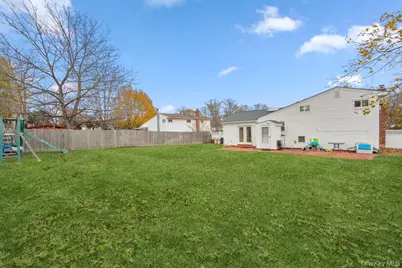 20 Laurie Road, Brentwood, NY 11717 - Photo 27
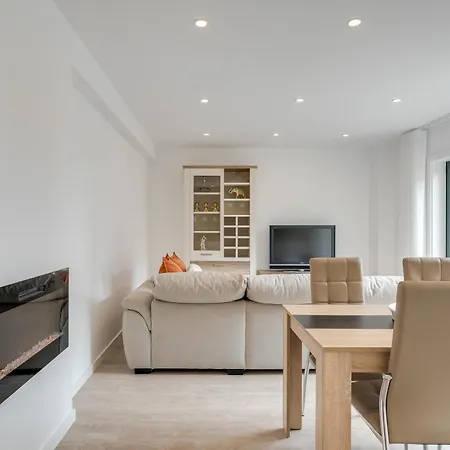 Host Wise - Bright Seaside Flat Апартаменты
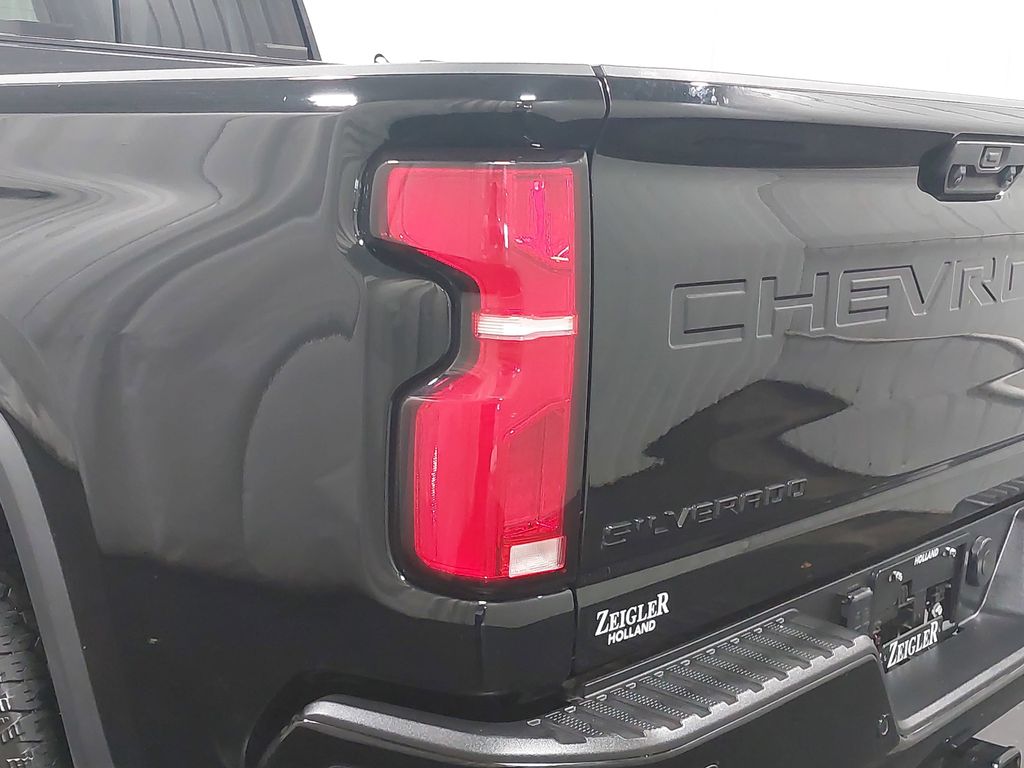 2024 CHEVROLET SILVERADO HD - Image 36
- - - -
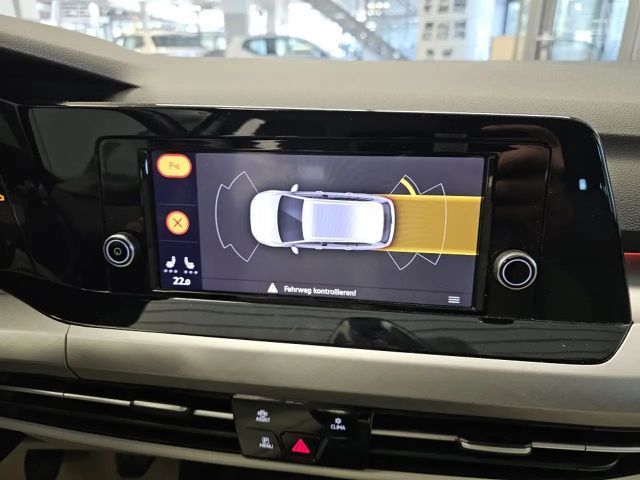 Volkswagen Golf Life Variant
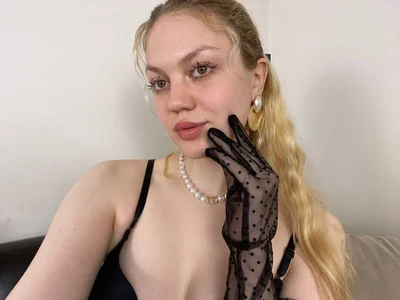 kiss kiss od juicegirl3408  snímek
- - - -
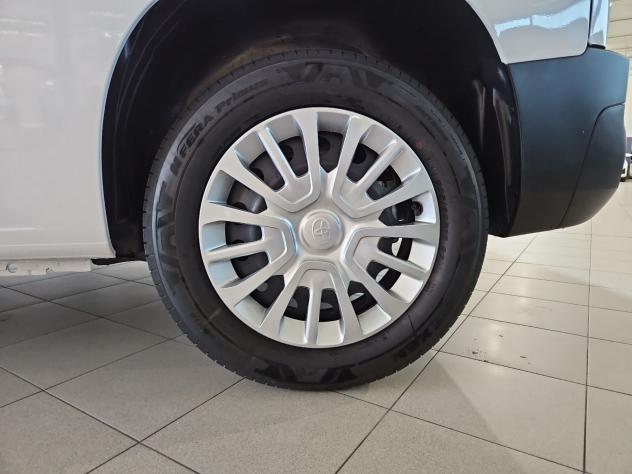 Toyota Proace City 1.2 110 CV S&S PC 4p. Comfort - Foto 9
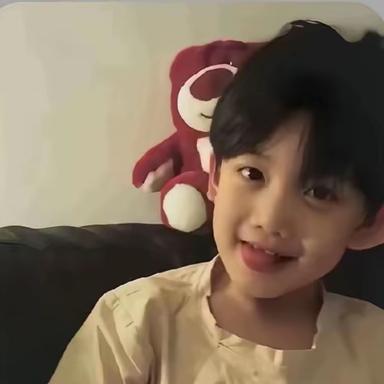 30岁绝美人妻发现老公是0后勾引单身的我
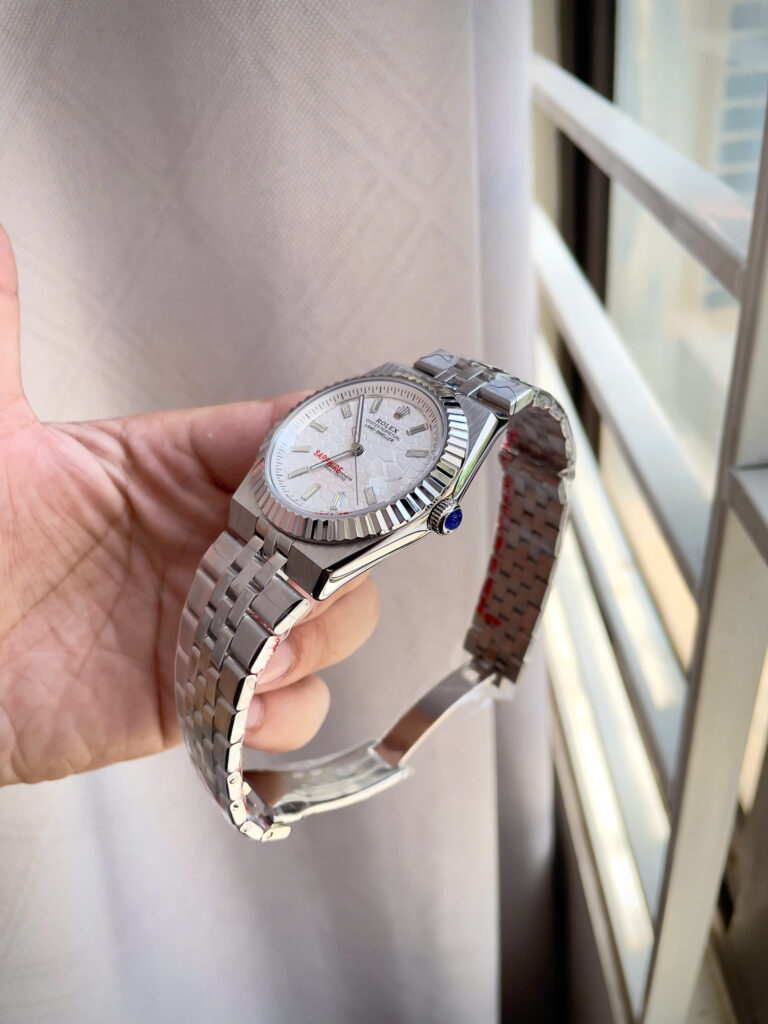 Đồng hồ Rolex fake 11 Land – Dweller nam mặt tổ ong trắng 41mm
- - - -
Look above for the line holding "Volkswagen Golf Life Variant" and output everything from it down to the line holding "kiss kiss od", both ends included, exactly and without images.

 Volkswagen Golf Life Variant
 kiss kiss od juicegirl3408  snímek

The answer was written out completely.